We do not recommend C.C.C.S. unless you have exhausted all other available options. In addition we always recommend you research any company thoroughly before enrolling.


Debt Settlement or Debt Negotiation

Debt settlement commonly referred as debt negotiation is an old concept but is becoming more and more commercialized and popular for people that are burdened with unmanageable debt situations. Debt settlement means: paying a creditor less then the amount owed by negotiating the balance.

Debt settlement is only possible with debts that are seriously delinquent or in collections. The reason for this is, once a debt is seriously past due or sent to collections; the creditor has already charged the debt off. You see, for most creditors when a debt is past due, there is a specific process in dealing with the debt. They will add late fees, over limit fees as well as excessive finance charges. Once the debt has increased due to the account status, the creditor will look for ways to reduce their loss. The second step is for the creditor to charge the debt off. This means that the creditor believes the debt is uncollectible and the creditor no longer wants to pay taxes on the debt as an asset for the company. So when the creditor charges the debt off, they get a tax break. At the same time they are now restricted form attempting to collect the debt, so usually they will sell the debt to a third party debt collector. Once the debt has been sold, the new debt collection agency will attempt to collect the debt. If they are unsuccessful, chances are it will be sold again and again until they are successful. After the debt is sent to collections you have a much better chance of settling, that is if they don't sue you. Many creditors and collection agencies would rather settle then sue because it is much more cost effective. Even if they sue, they still need to collect which leaves them in the same situation. The older the debt is, the more likely it is that they will settle.

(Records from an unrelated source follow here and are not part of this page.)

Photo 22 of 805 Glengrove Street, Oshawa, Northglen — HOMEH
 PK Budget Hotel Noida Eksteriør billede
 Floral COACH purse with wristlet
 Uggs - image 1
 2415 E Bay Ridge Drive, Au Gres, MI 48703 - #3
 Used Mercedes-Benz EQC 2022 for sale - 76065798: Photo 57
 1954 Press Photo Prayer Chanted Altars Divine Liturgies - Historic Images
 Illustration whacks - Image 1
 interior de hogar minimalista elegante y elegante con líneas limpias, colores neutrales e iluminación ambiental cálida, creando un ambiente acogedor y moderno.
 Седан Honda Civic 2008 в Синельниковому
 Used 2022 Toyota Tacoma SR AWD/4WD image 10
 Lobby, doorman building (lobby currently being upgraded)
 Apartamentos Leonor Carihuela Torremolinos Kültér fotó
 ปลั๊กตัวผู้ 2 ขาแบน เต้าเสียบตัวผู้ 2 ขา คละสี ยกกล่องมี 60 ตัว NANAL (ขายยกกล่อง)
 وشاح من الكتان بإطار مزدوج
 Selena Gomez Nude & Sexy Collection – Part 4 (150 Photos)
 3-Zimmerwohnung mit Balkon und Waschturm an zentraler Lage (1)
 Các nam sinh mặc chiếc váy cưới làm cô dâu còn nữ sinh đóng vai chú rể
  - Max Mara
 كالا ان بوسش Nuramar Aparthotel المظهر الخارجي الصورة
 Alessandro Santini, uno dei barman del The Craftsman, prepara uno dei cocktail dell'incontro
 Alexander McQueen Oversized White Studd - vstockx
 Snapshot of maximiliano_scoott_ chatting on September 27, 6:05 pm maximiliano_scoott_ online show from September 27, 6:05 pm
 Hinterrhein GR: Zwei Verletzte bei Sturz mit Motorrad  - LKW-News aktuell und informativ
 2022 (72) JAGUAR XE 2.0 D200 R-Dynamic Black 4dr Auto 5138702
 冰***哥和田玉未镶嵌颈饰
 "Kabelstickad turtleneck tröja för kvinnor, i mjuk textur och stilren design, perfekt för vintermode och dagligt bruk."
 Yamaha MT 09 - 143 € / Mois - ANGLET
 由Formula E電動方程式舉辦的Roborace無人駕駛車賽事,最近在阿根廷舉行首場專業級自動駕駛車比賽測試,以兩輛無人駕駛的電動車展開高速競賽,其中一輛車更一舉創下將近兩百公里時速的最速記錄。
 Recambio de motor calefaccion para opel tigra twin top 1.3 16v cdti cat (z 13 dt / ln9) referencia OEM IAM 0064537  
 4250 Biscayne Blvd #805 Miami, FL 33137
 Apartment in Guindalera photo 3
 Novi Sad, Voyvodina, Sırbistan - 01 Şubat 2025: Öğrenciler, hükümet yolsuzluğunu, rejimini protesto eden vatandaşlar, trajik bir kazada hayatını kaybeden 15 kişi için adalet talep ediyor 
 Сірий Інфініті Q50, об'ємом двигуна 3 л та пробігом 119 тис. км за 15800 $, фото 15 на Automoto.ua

Beware of bad debt settlement companies. Every industry has its share of bad apples and con artists, the debt industry even more so. Many predatory companies prey on vulnerable and desperate people looking to help their situation and only end up with far worse problems. We have had reports of debt settlement companies doing many unscrupulous things to their trusting clients from giving misleading and inaccurate information to taking payments intended to settle accounts and just keeping the money.

If you have unsecured debt that you are wanting to settle, you may want to consider calling us for a free debt analysis consultation.



    Bankruptcy should be considered a last resort if all else fails. Bankruptcy is a federal court process that can help consumers eliminate overwhelming debts. Depending on your circumstances and income, bankruptcy laws may give you a way to "wipe out" and erase many financial obligations and start over fresh so to speak. Be careful, even though bankruptcy may help the debts go away; it may very well have an extremely negative impact on your ability to obtain credit, get a job or insurance, a bank account or apartment rental.

    Individuals may be able to file one of two types on bankruptcy:

    • Chapter 7 = Liquidation
    • Chapter 13 = Repayment

    In Chapter 7, the bankruptcy forgives most debts that are not secured by assets or property (Ex: House or Car). In addition, you are allowed to retain certain exempt assets under Chapter 7, a court appointed trustee takes possession of your non-exempt property, arranges for it's sale or liquidation and is responsible for paying as many or as much of your debts as possible with the proceeds. Not all debts can be discharged by bankruptcy.
    Chapter 13, sometimes referred to as "wage earners repayment plan" bankruptcy may be your only choice if the court determines you have the income to repay your debts. Filing for chapter 13 bankruptcy allows you to pay your debts in installments over an agreed upon time period, usually 3 to 5 years. The court must approve your plan to pay all or part of your debt. If you need to file and you want to keep property, like a house car or boat; you may want to consider Chapter 13.